Aydın’da son günlerde yaşanan ve sosyal medyada geniş yankı uyandıran olay, Türkiye’de alkollü araç kullanımı ve yanlış beyanın ciddi sonuçlarını bir kez daha gözler önüne serdi. Olay, Efeler ilçesinde meydana geldi. Kübra Berna Ünal ve eşi H.Ü., alkollü araç kullanırken polis ekipleri tarafından durduruldu. Ünal, kendisini AKP Aydın Efeler İlçe Teşkilat Başkanı olarak tanıttı ve bu durumu telefonda AKP Aydın Milletvekili Mustafa Savaş’a bildirdiğini iddia etti. Sosyal medyada yayılan görüntülerde, Ünal’ın polislerle tartışması ve eşinin polis ekiplerine hakaret ve tehditler savurması net bir şekilde görüldü.
AKP Genel Başkan Yardımcısı Ahmet Büyükgümüş, konuyla ilgili yaptığı açıklamada, Ünal’ın partinin Aydın Efeler ilçesindeki teşkilat başkanı olmadığını ve partinin üyesi dahi olmadığını vurguladı. Milletvekili Mustafa Savaş ise telefonda Ünal ile görüştüğünü doğruladı ve “Videodaki hanımefendi beni aradı, alkollü araç kullandıklarını söyledi. Ben de ‘Alkollü araç kullanıyorsan cezasını ödeyeceksin, bir daha yapmayın’ dedim ve telefonu kapattım. Mevzuata aykırı hiçbir eylemi desteklememiz söz konusu olamaz. Konuyla ilgili yargı süreci başlatılacaktır” ifadelerini kullandı.
Olayın detaylarına bakıldığında, Aydın Valiliği tarafından yapılan açıklama oldukça çarpıcı: Sürücünün 2,09 promil alkollü olduğu tespit edildi. Alkollü araç kullanımından dolayı 9 bin 268 lira para cezası kesilirken, sürücünün ehliyetine altı ay süreyle el konuldu. Eşi H.Ü. ise polise hakaret ve tehditlerde bulunduğu gerekçesiyle “halkı kin ve düşmanlığa tahrik” ve “kamu görevlisine hakaret” suçlarından tutuklanarak cezaevine gönderildi.

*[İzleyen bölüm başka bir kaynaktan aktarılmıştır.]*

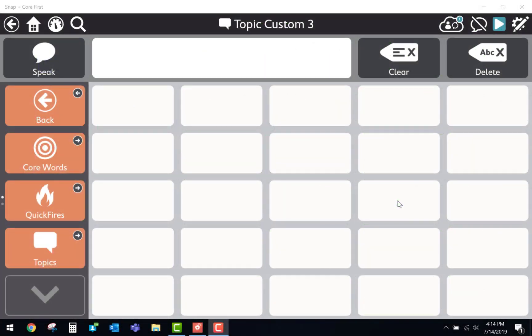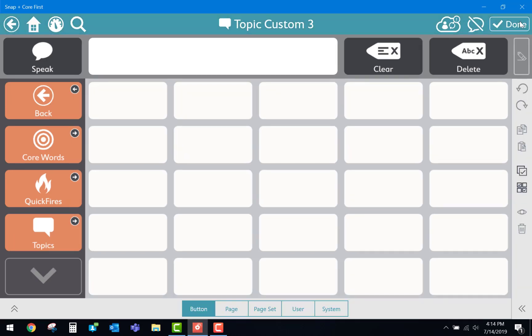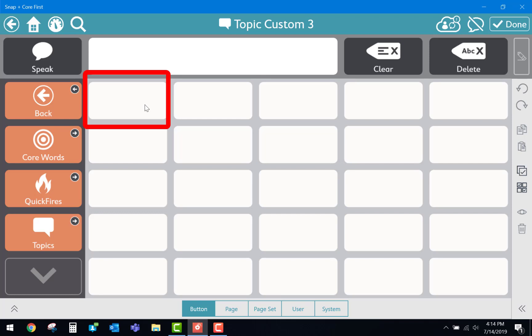Within the Snap Plus Core First software we will then go up to the top right and select the Settings Editing button. In here you would then select the button you would like to have opened one of these three pieces of software.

Olay, toplumsal farkındalığın önemini ve alkollü araç kullanımının ciddi hukuki sonuçlar doğurduğunu bir kez daha ortaya koydu. Ayrıca, sosyal medya ve kamuoyunda yanlış beyanlar yoluyla kendini resmi bir konumda göstermeye çalışmanın da ciddi sonuçlar doğurabileceği bir kez daha kanıtlanmış oldu. Kübra Berna Ünal’ın iddiaları ve H.Ü.’nün davranışları, olayın medya ve sosyal medya gündeminde uzun süre konuşulmasına neden oldu.
Bu gelişme, bireylerin hem kendi güvenliklerini hem de kamu güvenliğini tehdit eden davranışların hem hukuki hem de sosyal açıdan ciddi sonuçlar doğuracağını gözler önüne seriyor. Yetkililer, özellikle alkollü araç kullanımı ve kamu görevlilerine karşı hakaret gibi suçların affedilemez olduğunu vurgularken, olayın yargı süreci kamuoyunda yakından takip ediliyor.
İlerleyen günlerde mahkeme sürecinin netleşmesiyle birlikte, konunun toplumsal ve hukuki boyutu daha da gündeme taşınacak gibi görünüyor. Bu olay, Türkiye’de sosyal medya, kamu algısı ve hukuki yaptırımların birbirini nasıl etkileyebileceğini de gözler önüne seriyor.